TRY IT
Your task is to transcribe all the entries exactly, excluding pictures.

MATERIAL PROVIDED
----

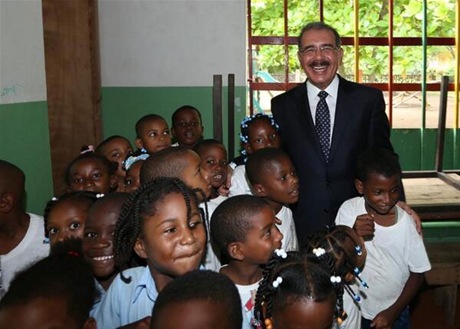Danilo Medina En Guerra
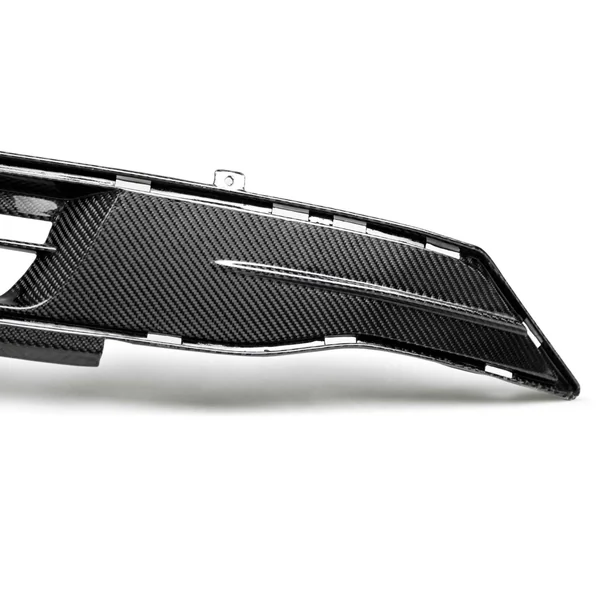 Anderson Composites Front Lower Grille, Carbon Fiber2018-2023 Ford Mustang - Image 4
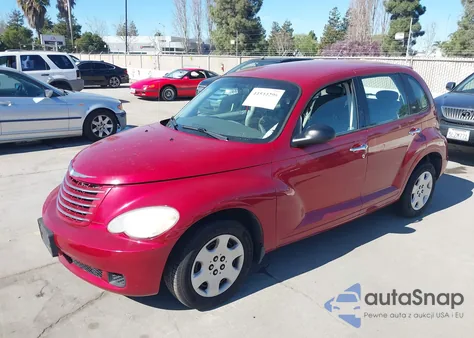 2007 Chrysler Pt Cruiser из США, поврежденный, VIN 3A4FY48B47T514358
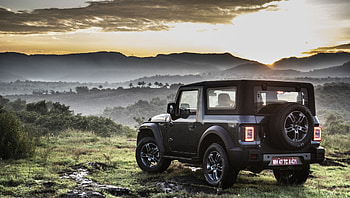 Mahindra Thar - Interior & Exterior Gallery [] - CarWale, Mahindra Thar 2021 HD wallpaper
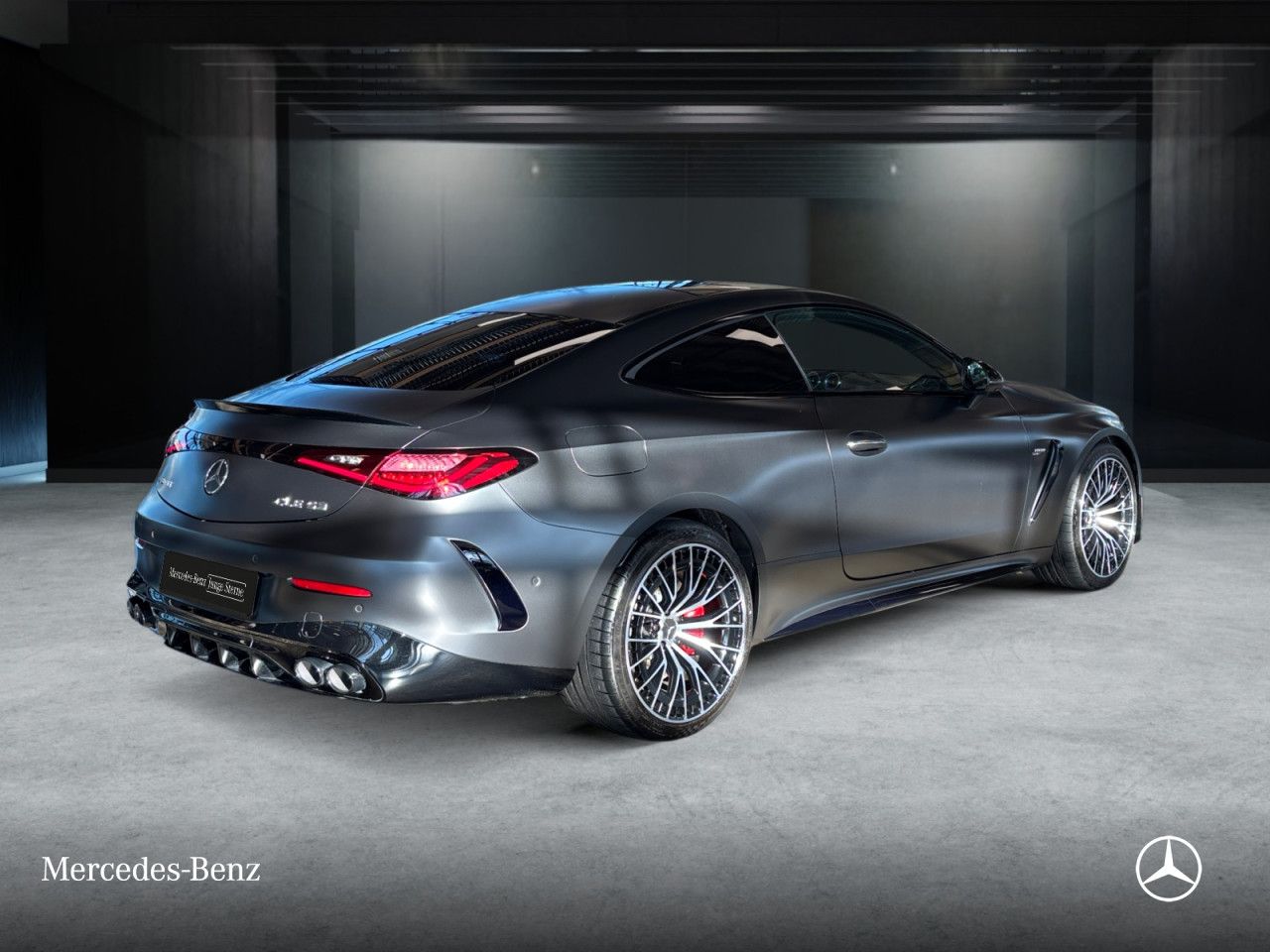 Mercedes-Benz CLE – Bild 3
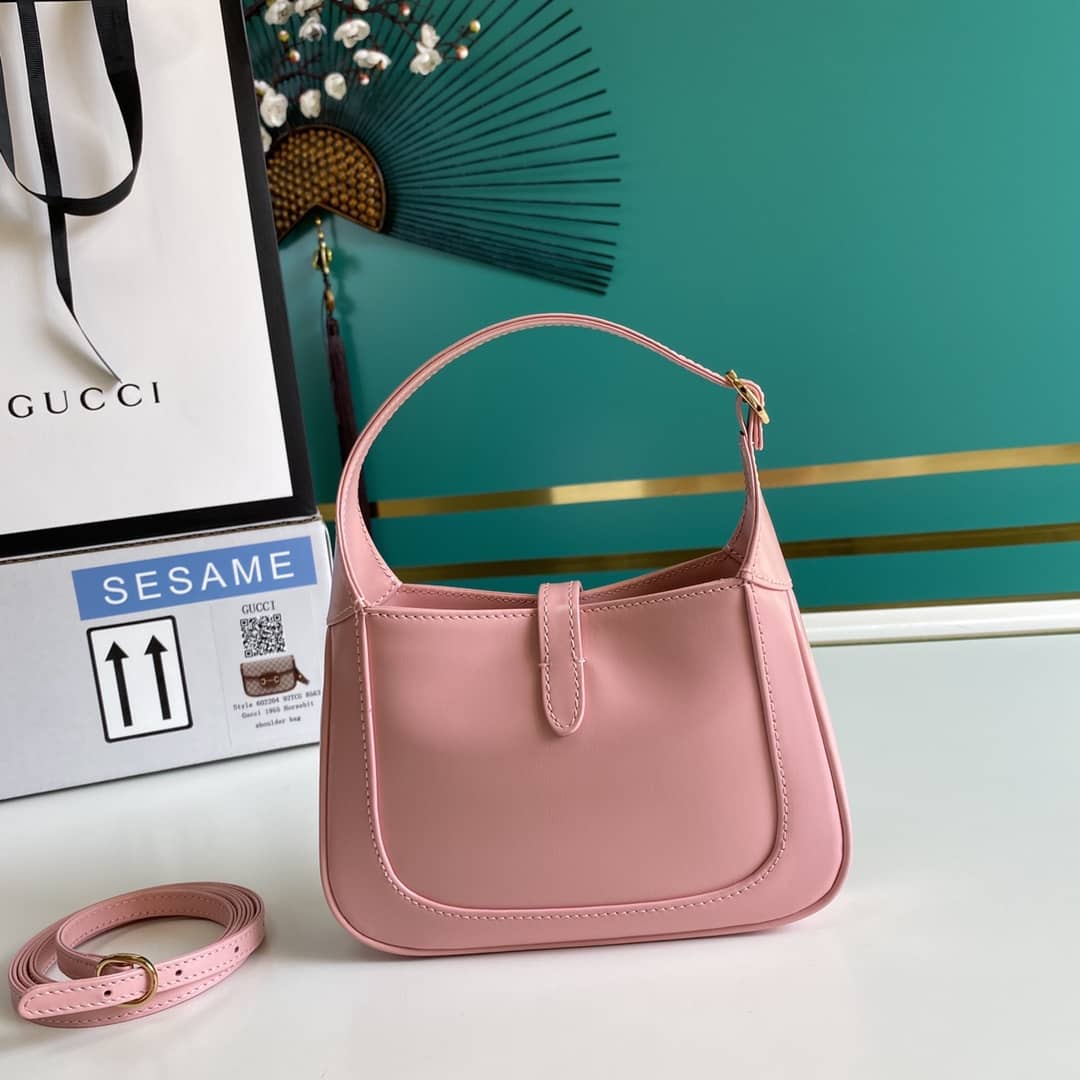 Gvc*1 Jackie 1961 Mini Shoulder Bag Hobo Replica 637091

----

REPLY
Danilo Medina En Guerra
 Anderson Composites Front Lower Grille, Carbon Fiber2018-2023 Ford Mustang - Image 4
 2007 Chrysler Pt Cruiser из США, поврежденный, VIN 3A4FY48B47T514358
 Mahindra Thar - Interior & Exterior Gallery [] - CarWale, Mahindra Thar 2021 HD wallpaper
 Mercedes-Benz CLE – Bild 3
 Gvc*1 Jackie 1961 Mini Shoulder Bag Hobo Replica 637091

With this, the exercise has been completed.